Tony Diment

Personal information
- Full name: Robert Anthony Diment
- Born: 9 February 1927 Tortworth, Gloucestershire, England
- Died: 18 June 2005 (aged 78) Leicester, Leicestershire, England
- Batting: Right-handed
- Role: Batsman

Domestic team information
- 1952: Gloucestershire
- 1955–58: Leicestershire
- First-class debut: 23 July 1952 Gloucestershire v Essex
- Last First-class: 30 August 1958 Leicestershire v Gloucestershire

Career statistics
| Competition | FC |
| Matches | 60 |
| Runs scored | 1595 |
| Batting average | 16.44 |
| 100s/50s | –/6 |
| Top score | 71 |
| Balls bowled | 6 |
| Wickets | – |
| Bowling average | – |
| 5 wickets in innings | – |
| 10 wickets in match | – |
| Best bowling | 0/4 |
| Catches/stumpings | 35/– |
- Source: CricketArchive, 18 August 2013

= Tony Diment =

English cricketer

Robert Anthony Diment (9 February 1927 - 18 June 2005) was an English cricketer who played for Gloucestershire in 1952 and for Leicestershire between 1955 and 1958. He was born at Tortworth, Gloucestershire and died at Leicester.

Diment was a right-handed middle-order batsman who was recruited by Leicestershire in 1955 as assistant secretary to the secretary/captain, Charles Palmer, and was therefore allowed to play as an amateur. He played in 59 first-class games for the county over the next four seasons, being a fairly regular member of the side in both 1957 and 1958. But although he passed 50 in six innings, his career batting average was only 16 and his highest first-class score was just 71, made in his first match for Leicestershire, against Derbyshire in 1955. He had earlier played a single match for his native Gloucestershire in 1952, without success.

Palmer retired as both player and secretary at the end of the 1957 season. Diment succeeded him as secretary, but Leicestershire recruited Willie Watson, the Yorkshire and England professional player, as captain from 1958. When Watson regained his Test place that season and also missed a few matches through injury, Diment captained the Leicestershire team in five games: they included the last game he played in first-class cricket.

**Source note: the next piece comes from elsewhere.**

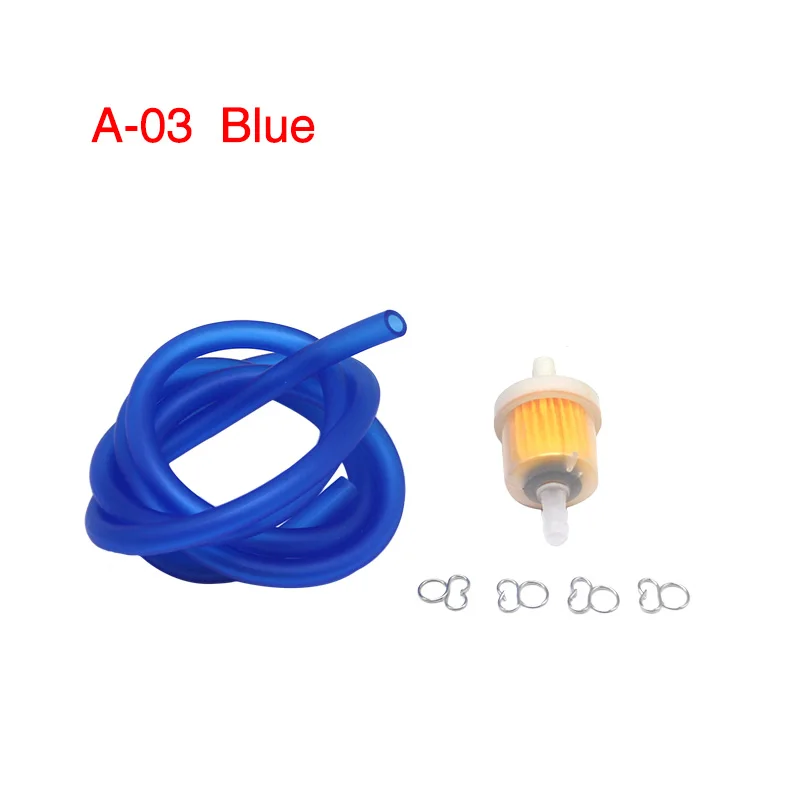 Alconstar цветной 6 мм мотоциклетный газовый топливный фильтр бензиновая труба шланг линия+ 4 зажима для универсального ATV питбайк квадроцикл - Цвет: Синий
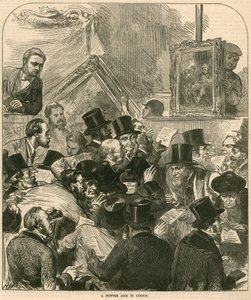 Een schilderijenverkoop in Londen door English School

Diment remained as the secretary of Leicestershire until after the 1959 season, but played only for the second eleven that year. In a Minor Counties Championship match against Shropshire in July 1959 he made an unbeaten 200 at more than a run a ball, astonishingly fast for an era of stodgy batsmanship. But at the end of that season he left Leicestershire to take a job in the leather industry.